== Data shown ==

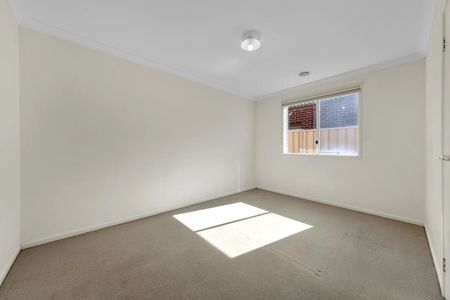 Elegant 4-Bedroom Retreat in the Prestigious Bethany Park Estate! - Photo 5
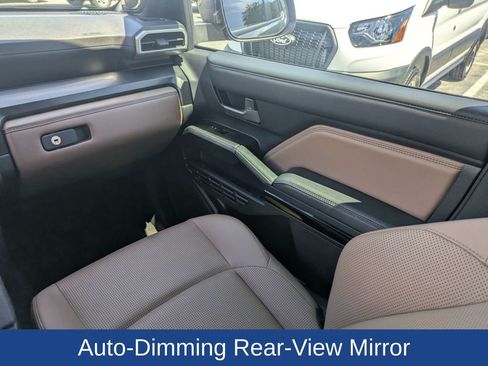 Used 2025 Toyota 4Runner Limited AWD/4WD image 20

===
== Data shown ==

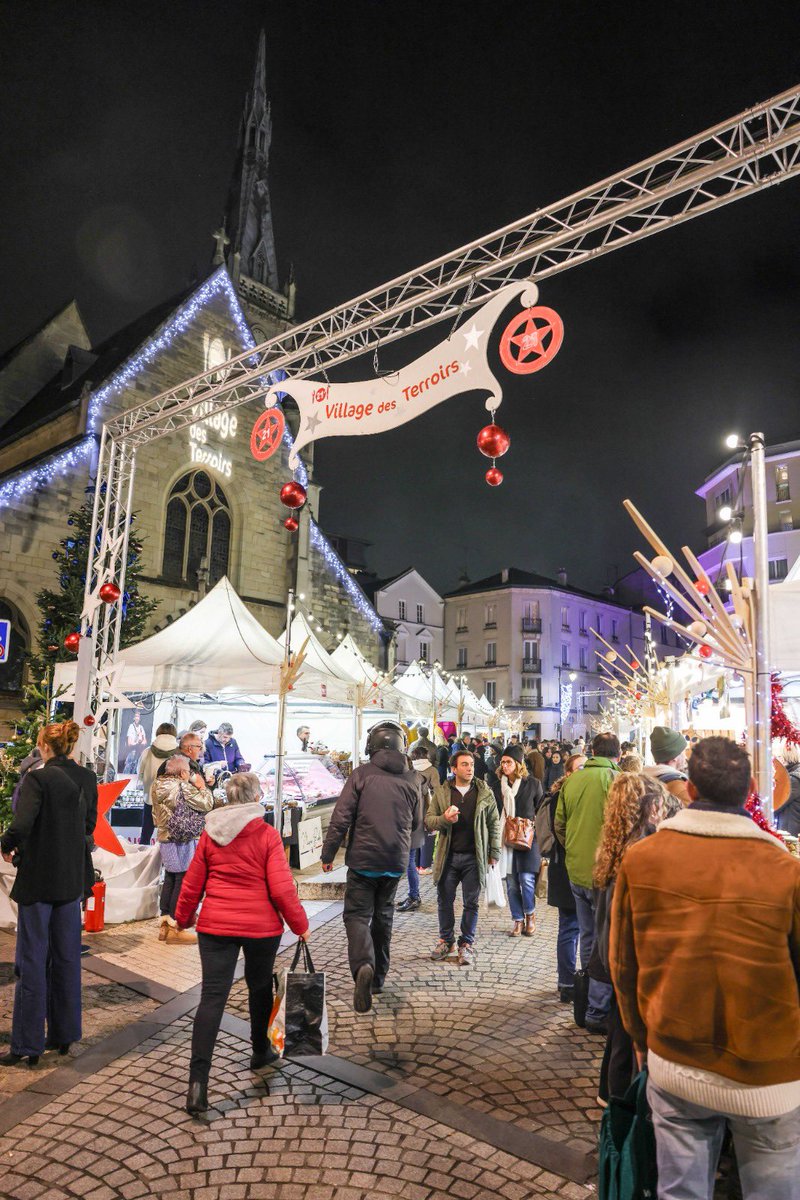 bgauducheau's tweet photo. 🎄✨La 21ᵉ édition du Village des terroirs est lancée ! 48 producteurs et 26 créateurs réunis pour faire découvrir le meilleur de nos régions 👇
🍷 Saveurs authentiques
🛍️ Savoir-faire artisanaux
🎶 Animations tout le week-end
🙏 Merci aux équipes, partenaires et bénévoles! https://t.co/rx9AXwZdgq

===

> [What you need to do]: Begin at the line in the entries above that has "Elegant 4-Bedroom Retreat", stop after the line that has "Used 2025 Toyota", and output exactly those lines without pictures.

> [Answer to this exercise]:
 Elegant 4-Bedroom Retreat in the Prestigious Bethany Park Estate! - Photo 5
 Used 2025 Toyota 4Runner Limited AWD/4WD image 20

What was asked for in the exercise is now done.